Before Ed Stone started his surgical residency at the University of Iowa, the field of ophthalmic molecular genetics was brand new. Patients with rare eye diseases were few and far between, and few researchers were working on the genetic origins of these disorders. In a somewhat risky career move, Stone decided to fill that void and study the molecular basis of rare eye diseases, while simultaneously training to become a surgeon. So Stone, as a first-year resident M.D./Ph.D., loaded his station wagon with ophthalmology instruments and drove around rural Iowa to find his patients.

He launched his first mobile clinic after a chance conversation with the 30-year-old mother of a child scheduled for eye surgery. She mentioned that she had macular degeneration—a condition usually found in much older people. Stone discovered that several of her family members were afflicted with a rare form of macular degeneration and that they all lived about 90 miles away. He decided to go see them.

The family owned a pizza restaurant in Des Moines, which they closed for the night, and they gathered for Stone's examination. "I saw 20 people with a disease that affects 1 out of every 10,000 people. In one day I went from just having seen a textbook picture of this disease, called Best disease, to having more personal clinical experience than anyone in my department." In the late 1980s, Stone studied three large Iowa families with Best disease, and he has stayed in close touch with them since. In fact, when a 93-year-old man from one of these families died in 2005, he donated his eyes to Stone's laboratory.

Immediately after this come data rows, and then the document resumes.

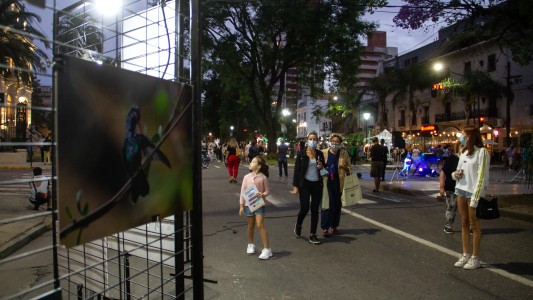 La Noche de las Ideas tendrá tres conferencias con destacados expositores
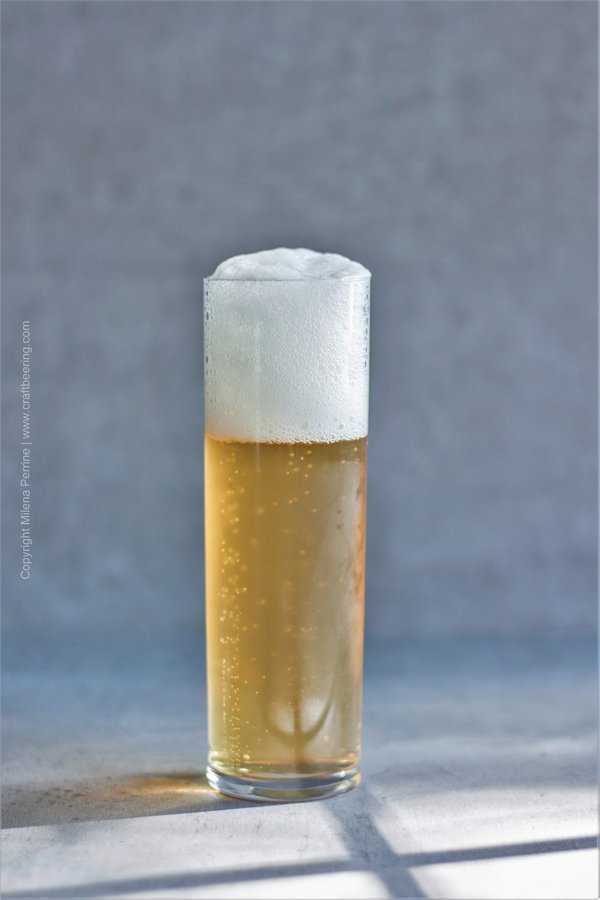 Kolsch beer in a stange glass. Crisp, light and flavored to please the senses.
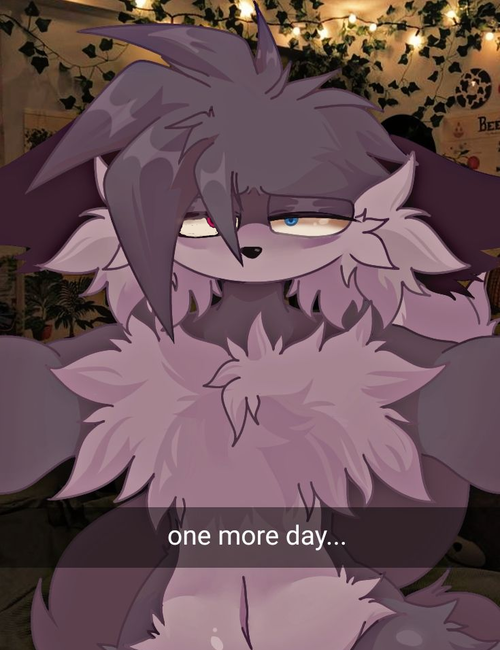 Sofia Judy ❤️‍🩹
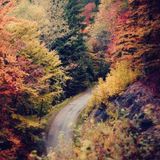 Fartlek October 2015
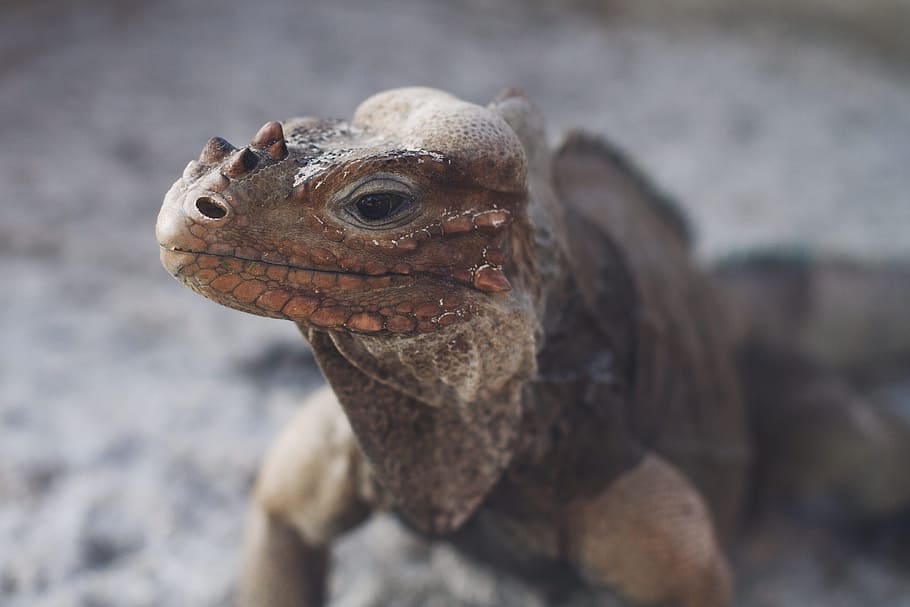 animal, close-up, lizard, macro, reptile, wildlife, animal themes HD wallpaper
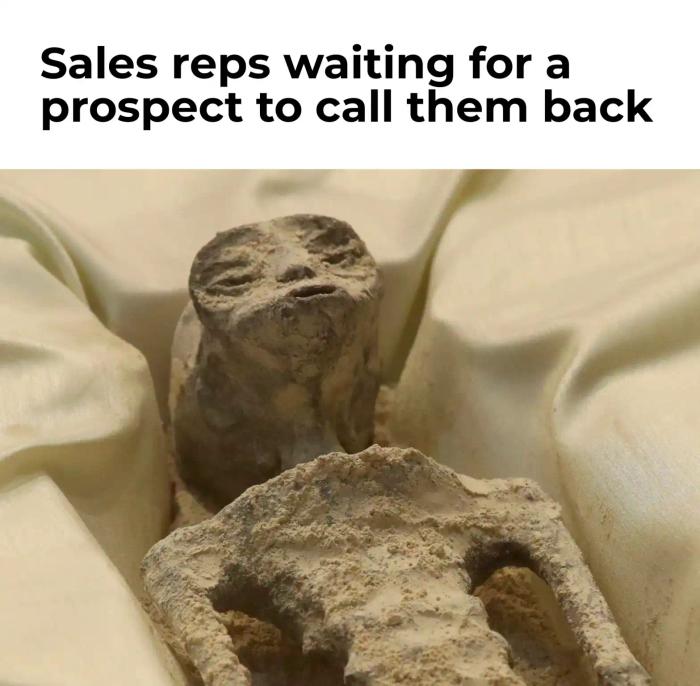 Sales reps meme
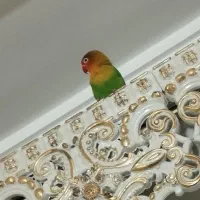 طوطی برزیلی اهلی|پرنده|خوی, |دیوار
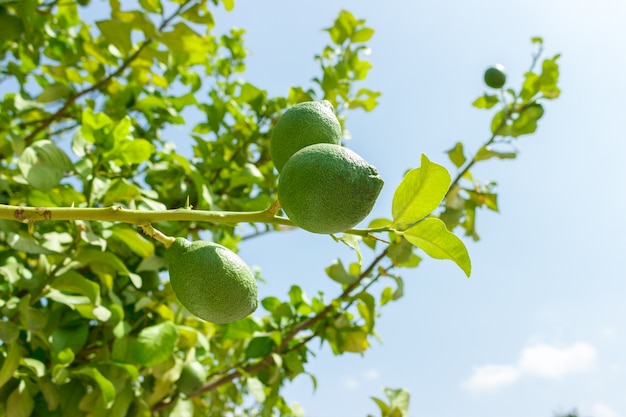 Frutos de limão verde fresco no galho na árvore verde contra o céu azul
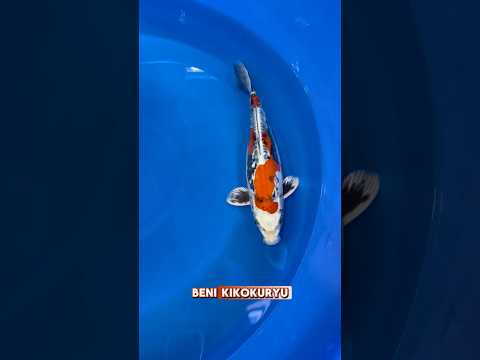 Video Vorschau Teil 2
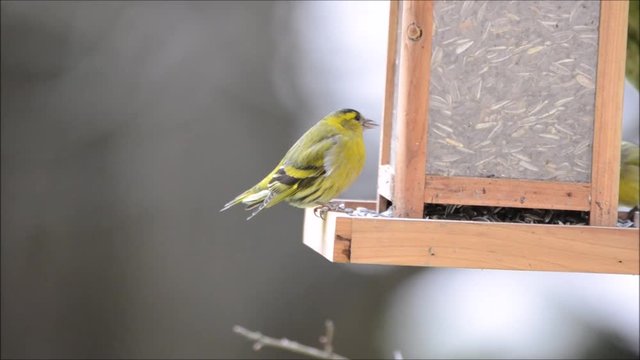 Tarin des aulnes (Spinus spinus)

The large number of patients to study and the stability of the patient population were two factors that drew Stone to Iowa. "Midwesterners often have large families," Stone says. "Plus they tend to stay put. In some cases, several individuals with a rare eye disease will all live in the same small town that their grandparents lived in." This means that Stone can trace diseases through generations, especially since people are so willing to help. "These folks will make sandwiches for you while you're drawing blood from them. It's just the most unbelievable place."

The University of Iowa also appealed to Stone because of its strong ophthalmology department, and because he would be allowed to start his own lab at the same time he began his residency. Stone had graduated from Baylor with an M.D./Ph.D. in cell biology and training in molecular genetics. He arrived at Iowa ready to do research, and the hospital there encouraged him to work as a scientist while he continued his clinical training as a doctor.

Stone's career progressed in the lab and the operating room. After he finished his residency, he began fellowship training to become a retinal surgeon and joined the faculty as an assistant professor. However, two years after finishing his fellowship, Stone realized that the time he spent in the operating room was taking away from his time in the lab. Stone was most interested in heritable eye diseases that couldn't be cured by surgery. He realized that only by understanding the genetic causes of these diseases could treatments be developed. So he decided to stop performing retinal surgery and to focus on caring for and studying patients affected with genetic eye diseases. At that time he met Val Sheffield, another assistant professor at the University of Iowa.

Sheffield and Stone have now collaborated for over 15 years, and they have published more than 150 papers together. Sheffield, also an HHMI investigator, is a pediatrician and geneticist.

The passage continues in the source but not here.